Since the days of Thomas Edison’s Invention Factory, new product innovation has been the engine of long-term growth and a buffer in times of economic weakness for world-class companies. Yet even respected research powerhouses like British Telecom, Siemens, and Fujitsu are today finding it more difficult to make their innovation investments pay. There is too much piling up on the shelf, and there are too few breakthroughs that lead to new markets and higher growth. In short, R&D labs once prized for their independence and proprietary research find they’re having a terrible time extracting value from their own work.
|“Open innovation draws on technologies from networks of universities, startups, suppliers, and even competitors.”|
The New R&D
Until recently, private R&D labs wouldn’t have dared try open innovation; R&D was viewed as a vital strategic asset, and, in many industries, a barrier to competitive entry. Research leaders like DuPont, Merck, IBM, GE, and AT&T did the most research in their respective industries — and earned the most profits as well.
The change is striking. Most of the premier industrial research laboratories of the 20th century have retreated from their historic mission of independent scientific discovery because of the low yields they’re experiencing. According to Forbes magazine, the last household-name product launched by DuPont’s 100-year-old Experimental Station (dubbed the Ex Station) laboratory, which created products used to make everything from leisure suits to parts that protect NASA spacecraft, was Stainmaster fabric protection — in 1986.

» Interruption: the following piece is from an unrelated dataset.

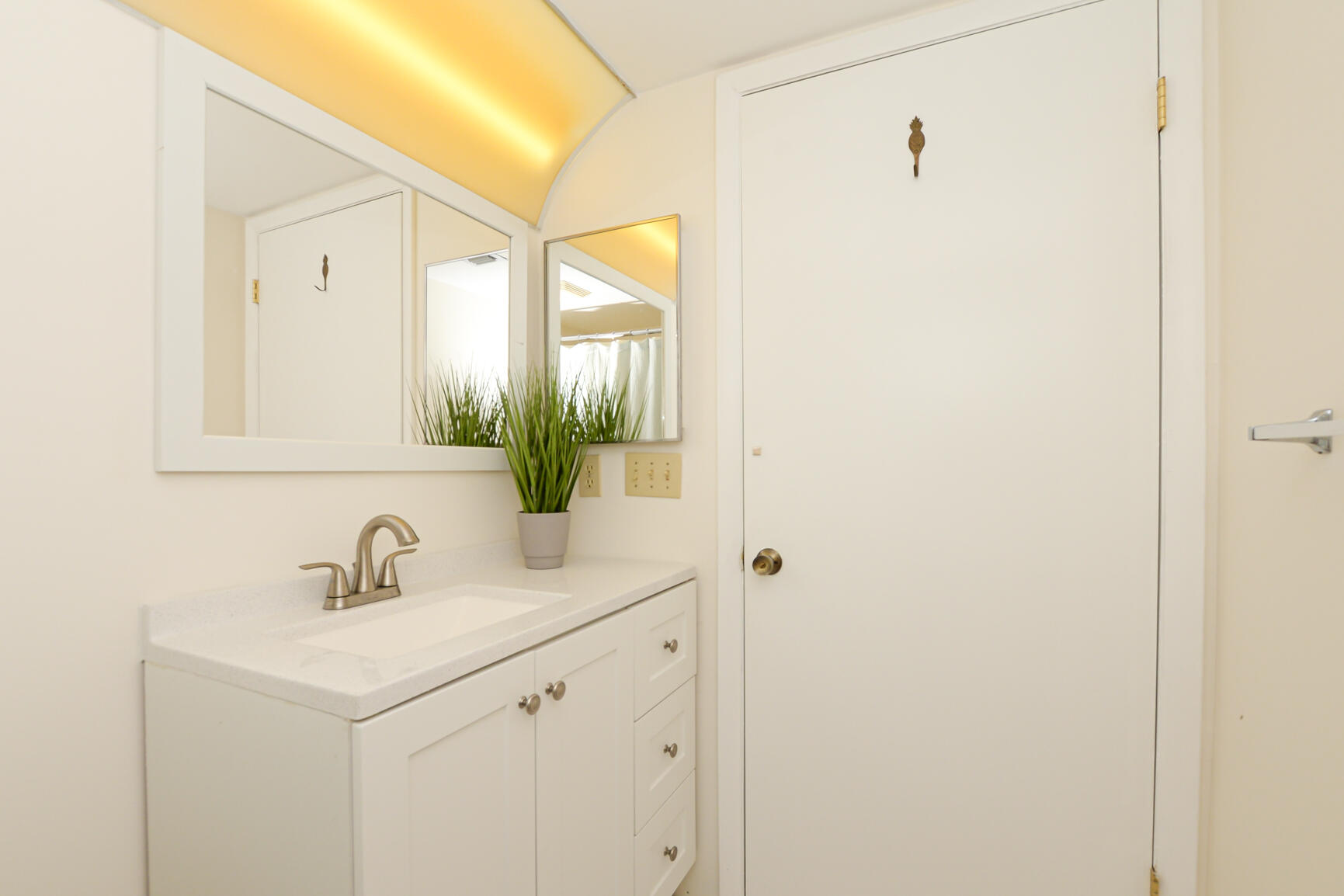 1950 Southwest Palm City Road, Unit 12103 Stuart, FL 34994 - Photo 11 of 26 a bathroom with a sink and a mirror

Slowing innovation from within large companies doesn’t mean internal R&D should be dismantled; it’s not a question of “make or buy.” However, the open innovation approach poses new management demands. For one thing, companies need to think differently about how opening labs to outsiders can create opportunities for technology exchanges that lead to revenue. Internal R&D produces intellectual property that other companies in the web of open innovation may covet. IBM earned $1.9 billion revenue in 2001 from patent licensing and royalties on its software, chips, and systems, for example.

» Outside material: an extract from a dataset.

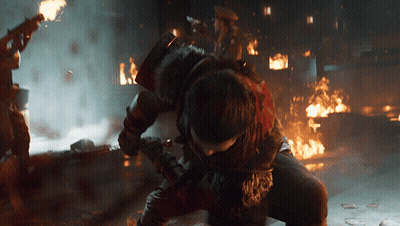 Man Kneeling Before Fire With Sword GIF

The perspective of internal R&D must also change from depth to breadth and integration. Whereas old-school research labs developed new technologies from basic science to finished product, open innovation labs need to develop technologies that embrace and extend existing intellectual property — even those that are “not invented here.”
|“Automobile manufacturers don’t try to reinvent the wheel; they partner with suppliers and research organizations to stay on top of such new technologies.”|
Industries that have been slower to catch on to open innovation should take these leaders’ cues. Large toy manufacturers, for example, complain that they are in a mature business, with low growth in overall toy sales. But they overlook the fact that breakthrough toys still hit the shelves. Many of these blockbusters have come from smaller shops, rather than the large toy companies. Why? The big toymakers constrain their search by insisting that any new toy bring in $100 million or more in its first year. Even such leading toys as Barbie and Hot Wheels would have failed to bring in a comparable amount when they were introduced in 1959 and 1969, respectively. An insistence on large initial sales condemns the toy manufacturers to merely extending existing brand franchises, or acquiring at a high price new toys successfully launched by smaller innovators.